A 20 ans, elle s’offre sa première médaille internationale. C’était à Chongqing, en 2014. « Une vraie récompense ! Après avoir terminé 4e à plusieurs reprises l’année précédente, je nourrissais une belle frustration, observe la championne. D’autant qu’en vitesse, une troisième place est toujours difficile à aller chercher : on vient juste de perdre la demi-finale, et il ne reste que très peu de temps pour s’en remettre à la fois physiquement et mentalement. Mais, cette fois-ci, j’étais préparée. Ce fut un vrai soulagement de monter enfin sur un podium de Coupe du monde. »
Une compétition qui annonçait d’ailleurs une belle saison, puisqu’elle y empoche trois médailles de bronze, deux d’argent et une d’or.
Tenir la course jusqu’au bout
Voilà maintenant deux ans qu’Anouck monte très régulièrement sur les podiums, sans parvenir à décrocher l’or au classement général de la Coupe du monde : « à chaque fois, la victoire m’échappait sur le dernier duel de la dernière compétition de la saison.
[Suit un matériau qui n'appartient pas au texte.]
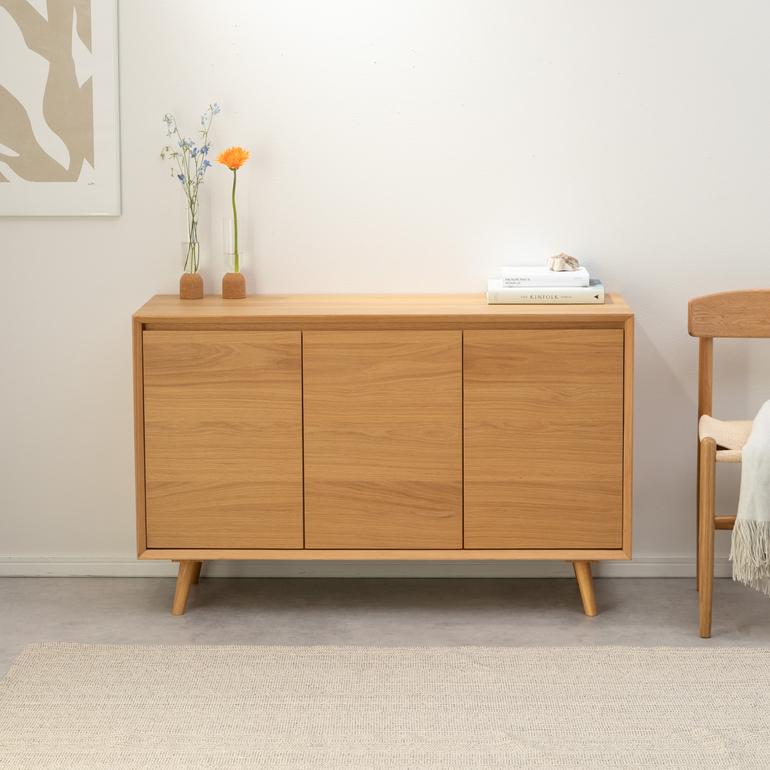 仕切りにもおしゃれな　form メティ キャビネット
Ça commençait à devenir presque insupportable ! » Si bien que cette année, l‘or au classement général fut son principal objectif.
Branle-bas de combat. Les saisons sont très longues en vitesse. En 2017, les huit étapes de Coupe du monde s’étalaient d’avril à octobre. La préparation physique dans ce cas est particulièrement complexe. Tout un art que maitrisent parfaitement Anouck et son entraîneur, Sylvain Chapelle.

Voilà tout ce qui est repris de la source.